- [Directions]:
What is needed is an exact copy of every line from the one with "this 599×450 image." to the end of the entries below, without the pictures.
Input data START
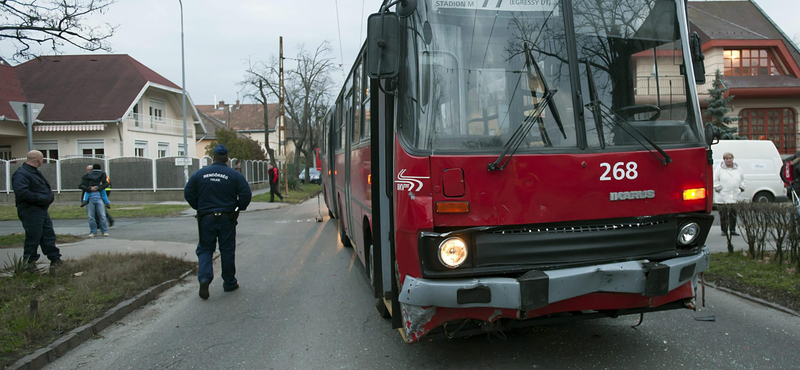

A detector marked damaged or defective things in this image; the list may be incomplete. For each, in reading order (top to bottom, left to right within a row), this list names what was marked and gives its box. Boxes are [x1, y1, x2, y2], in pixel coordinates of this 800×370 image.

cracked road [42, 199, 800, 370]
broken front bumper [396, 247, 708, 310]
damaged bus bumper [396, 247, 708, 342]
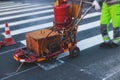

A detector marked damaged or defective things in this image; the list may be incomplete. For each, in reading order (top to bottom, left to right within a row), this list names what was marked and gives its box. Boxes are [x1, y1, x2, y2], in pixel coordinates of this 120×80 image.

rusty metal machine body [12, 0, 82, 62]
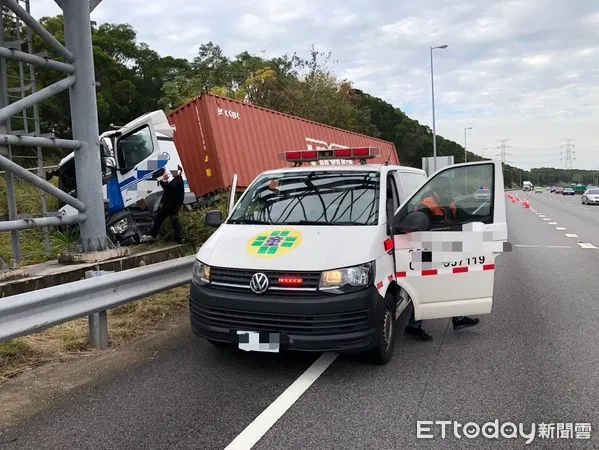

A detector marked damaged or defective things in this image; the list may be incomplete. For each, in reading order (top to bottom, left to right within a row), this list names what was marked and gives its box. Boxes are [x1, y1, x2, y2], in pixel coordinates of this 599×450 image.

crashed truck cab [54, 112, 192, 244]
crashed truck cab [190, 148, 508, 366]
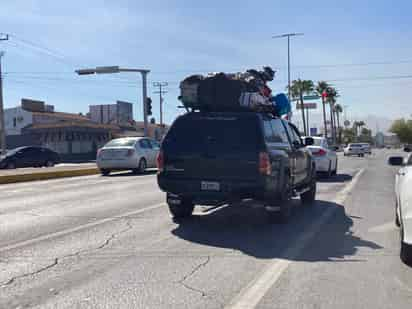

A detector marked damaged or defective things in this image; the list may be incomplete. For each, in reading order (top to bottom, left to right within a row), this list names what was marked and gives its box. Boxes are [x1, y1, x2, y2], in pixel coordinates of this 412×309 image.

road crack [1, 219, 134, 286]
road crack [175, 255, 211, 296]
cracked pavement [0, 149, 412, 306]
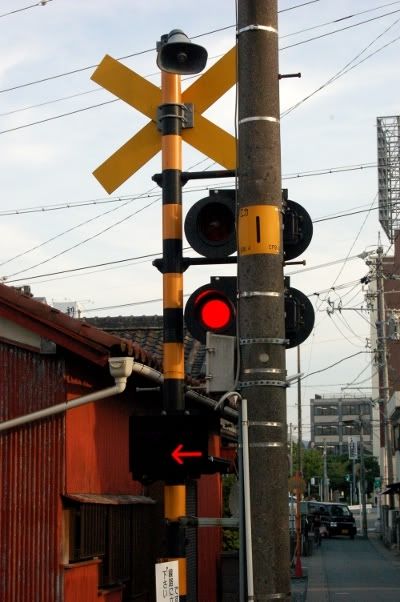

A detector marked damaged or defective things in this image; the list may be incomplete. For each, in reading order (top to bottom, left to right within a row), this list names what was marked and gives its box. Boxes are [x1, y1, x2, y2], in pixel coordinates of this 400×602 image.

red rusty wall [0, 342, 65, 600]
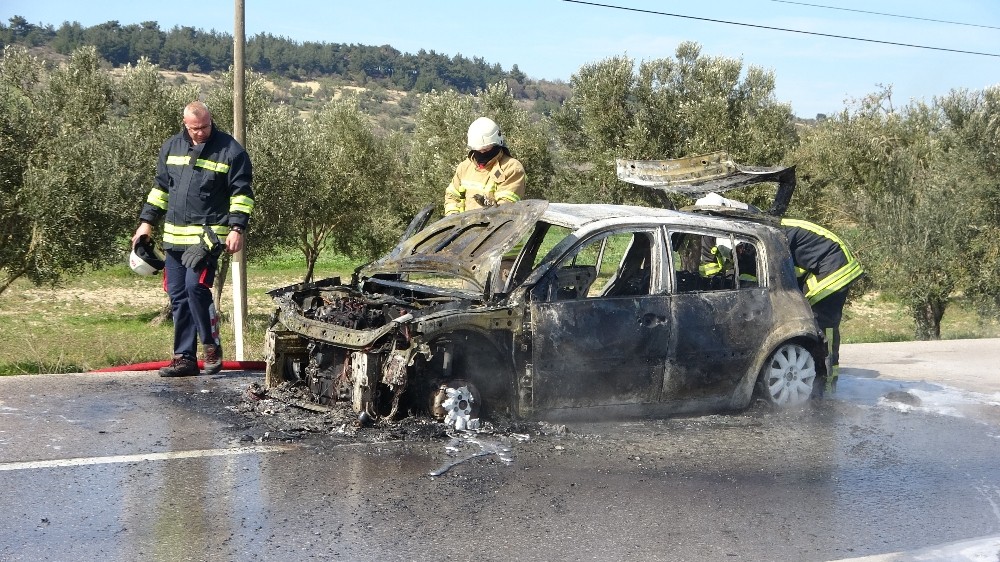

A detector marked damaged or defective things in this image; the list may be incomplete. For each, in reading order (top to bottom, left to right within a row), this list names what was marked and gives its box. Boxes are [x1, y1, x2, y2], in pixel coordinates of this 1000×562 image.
Input data END
- [Response for this exercise]:
A detector marked damaged or defective things in this image; the list may be incomplete. For each, in reading order (top to bottom, left to right within a row), this list names what was marked and gives its box. Boxes are [x1, y1, x2, y2], in pixel coordinates of this 599×450 image.

crashed truck cab [54, 112, 192, 244]
crashed truck cab [190, 148, 508, 366]

A detector marked damaged or defective things in this image; the list may be incomplete. For each, in reading order (top to bottom, left to right within a row), this list names what was marked and gives its box. Boxes are [x1, y1, x2, y2], in pixel coordinates of this 412×309 image.

road crack [1, 219, 134, 286]
road crack [175, 255, 211, 296]
cracked pavement [0, 149, 412, 306]

A detector marked damaged or defective things in this image; the list may be incomplete. For each, in reading order (top to bottom, left to right within a row), this list names what was marked and gives its box. Boxes are [x1, y1, x2, y2], in pixel coordinates of this 400×602 image.

red rusty wall [0, 342, 65, 600]

A detector marked damaged or defective things in this image; the list may be incomplete. For each, in reading order (top to bottom, left to right within a row), this list names what was marked and gives its box. Boxes are [x1, y1, x2, y2], in pixel coordinates of this 1000×562 image.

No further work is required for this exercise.